-- WORK REQUEST --
Starting at the line that contains "jeans i storlek", transcribe every remaining line of the data below exactly, and omit all pictures.
[[ RECORDS FOR THE TASK, beginning ]]
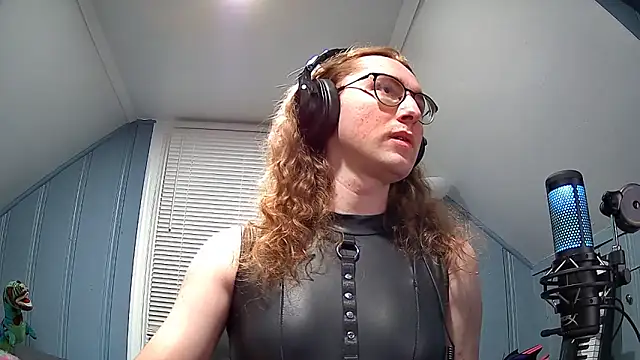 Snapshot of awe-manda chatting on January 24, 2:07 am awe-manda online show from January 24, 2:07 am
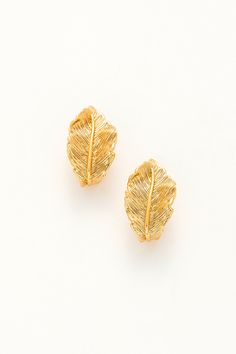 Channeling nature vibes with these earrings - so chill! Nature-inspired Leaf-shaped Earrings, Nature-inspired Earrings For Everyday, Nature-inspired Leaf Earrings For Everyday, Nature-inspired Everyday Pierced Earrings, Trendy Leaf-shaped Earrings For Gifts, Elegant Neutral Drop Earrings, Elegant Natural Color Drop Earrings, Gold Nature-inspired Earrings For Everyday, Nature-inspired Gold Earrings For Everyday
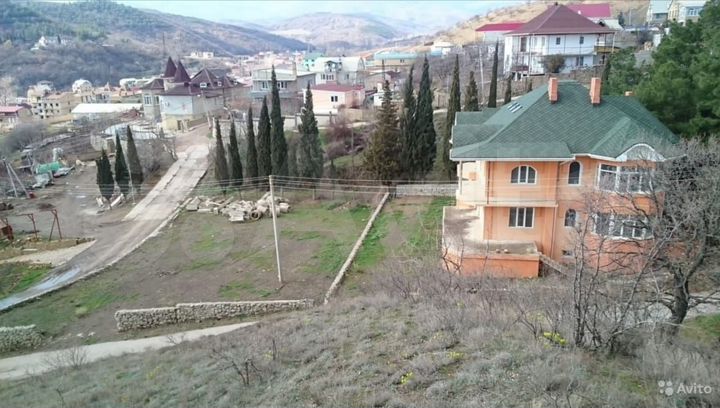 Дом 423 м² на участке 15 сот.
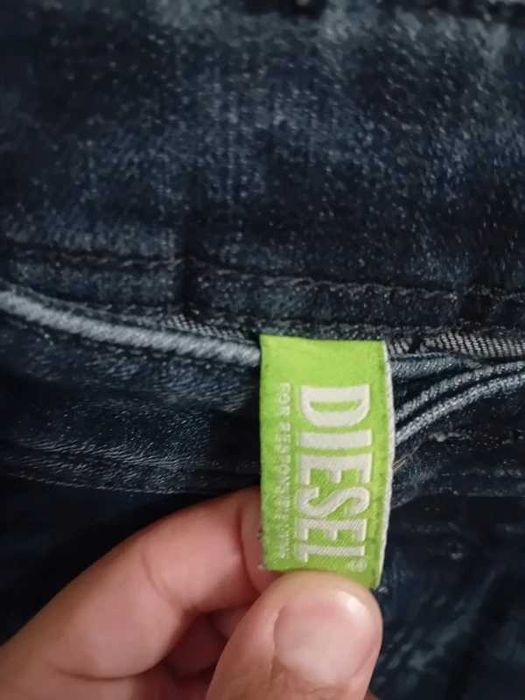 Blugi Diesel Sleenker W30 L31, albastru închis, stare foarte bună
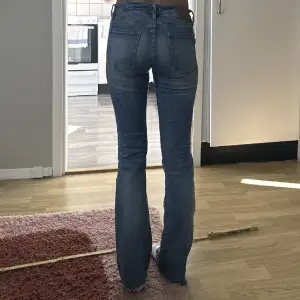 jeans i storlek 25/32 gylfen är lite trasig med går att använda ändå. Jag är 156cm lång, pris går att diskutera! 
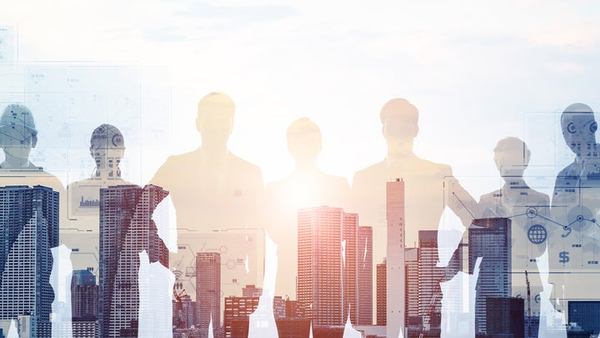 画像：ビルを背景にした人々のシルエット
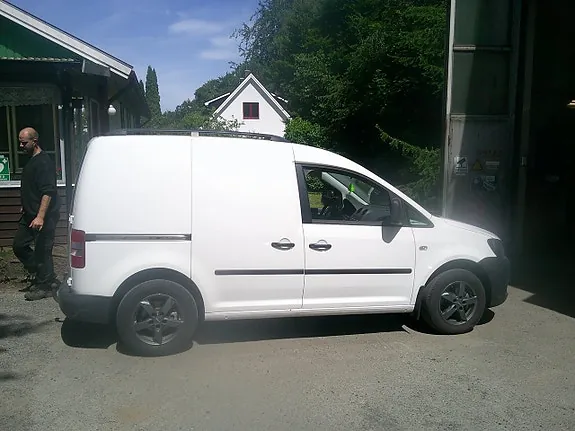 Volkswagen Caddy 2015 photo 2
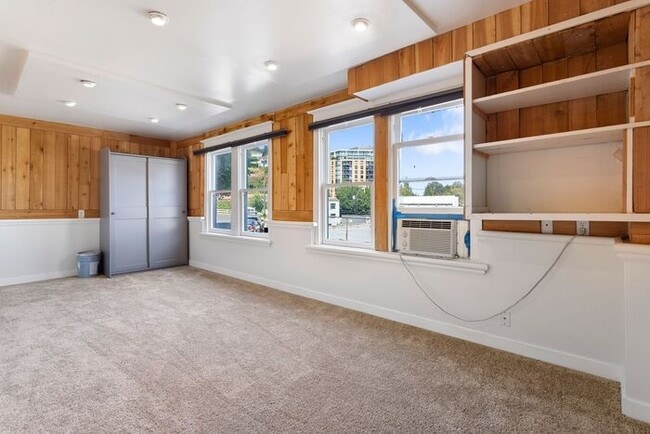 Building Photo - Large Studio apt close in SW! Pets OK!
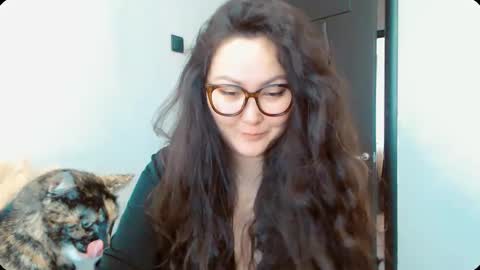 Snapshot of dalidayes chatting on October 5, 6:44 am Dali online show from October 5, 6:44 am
[[ RECORDS FOR THE TASK, end ]]
-- RESPONSE AREA --
 jeans i storlek 25/32 gylfen är lite trasig med går att använda ändå. Jag är 156cm lång, pris går att diskutera! 
 画像：ビルを背景にした人々のシルエット
 Volkswagen Caddy 2015 photo 2
 Building Photo - Large Studio apt close in SW! Pets OK!
 Snapshot of dalidayes chatting on October 5, 6:44 am Dali online show from October 5, 6:44 am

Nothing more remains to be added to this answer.